Data section
*-*-*
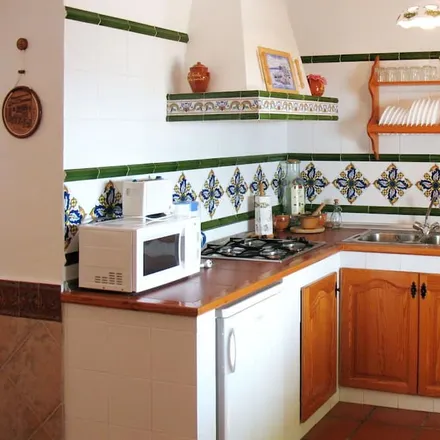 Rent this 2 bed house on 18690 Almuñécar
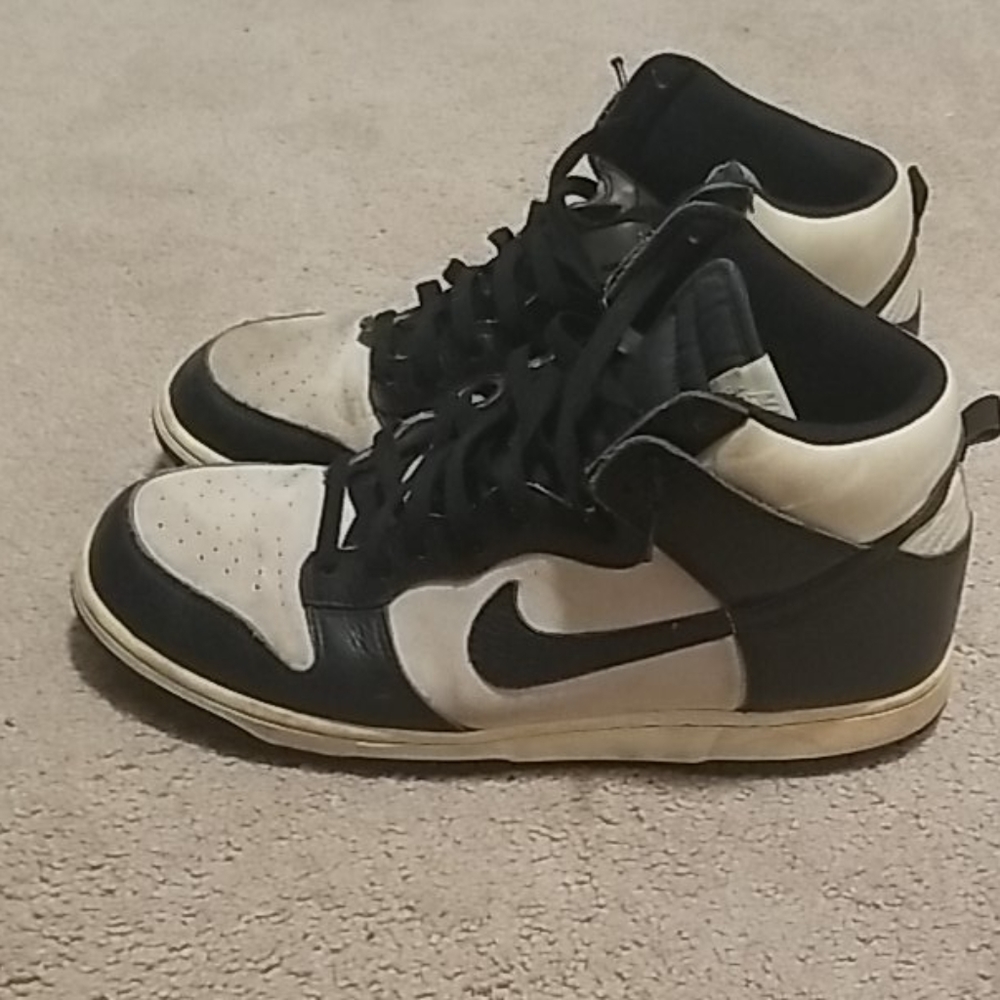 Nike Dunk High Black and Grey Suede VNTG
*-*-*
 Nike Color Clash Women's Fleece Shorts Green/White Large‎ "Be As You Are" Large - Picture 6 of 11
*-*-*
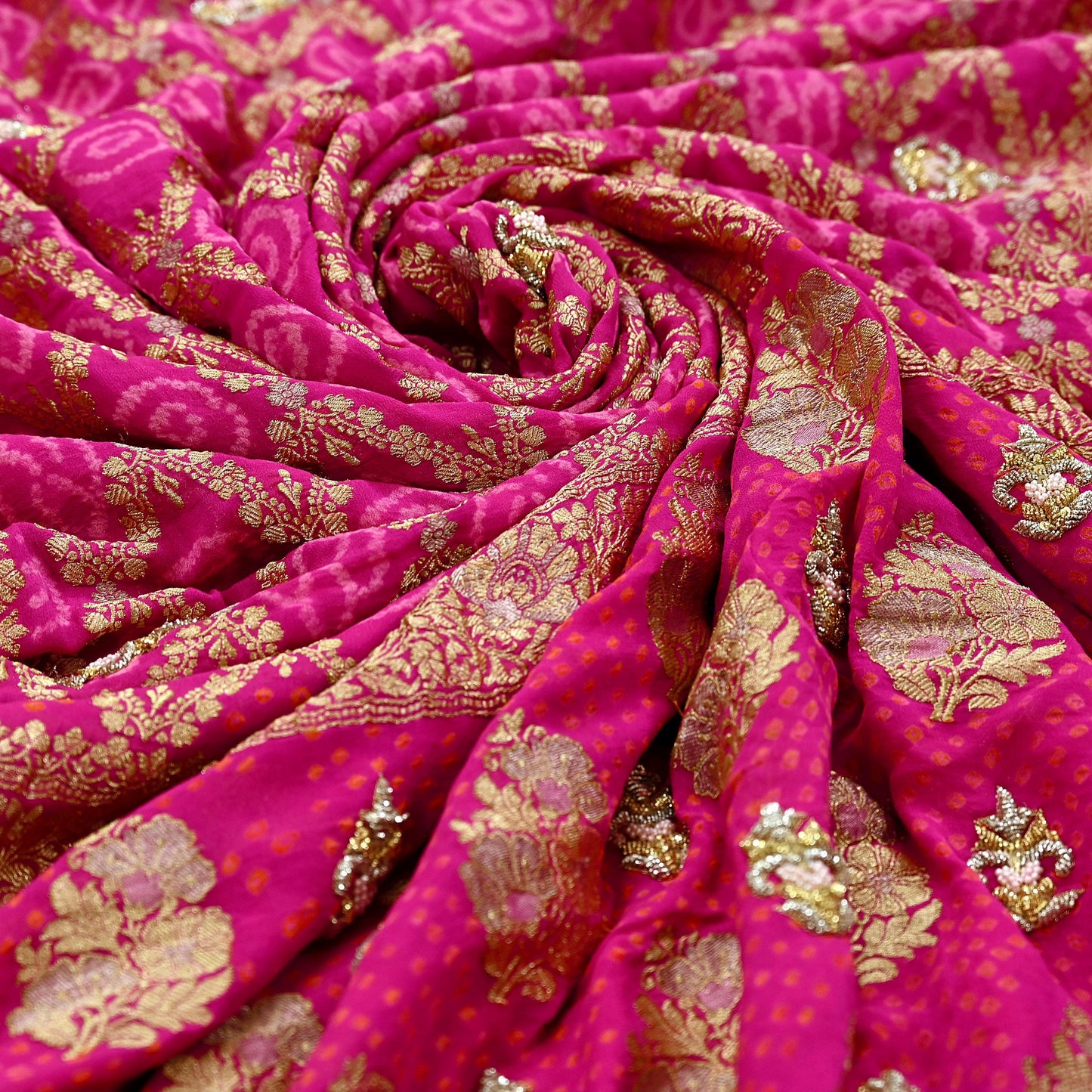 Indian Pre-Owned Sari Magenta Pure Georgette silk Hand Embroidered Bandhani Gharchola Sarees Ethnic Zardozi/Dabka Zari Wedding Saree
*-*-*
Task statement
Out of the records above, please copy exactly the lines from the line with "Rent this 2 bed house on 18690 Almuñécar" up to and including the line with "Nike Dunk High Black and Grey Suede VNTG", minus the pictures.

Written response
 Rent this 2 bed house on 18690 Almuñécar
 Nike Dunk High Black and Grey Suede VNTG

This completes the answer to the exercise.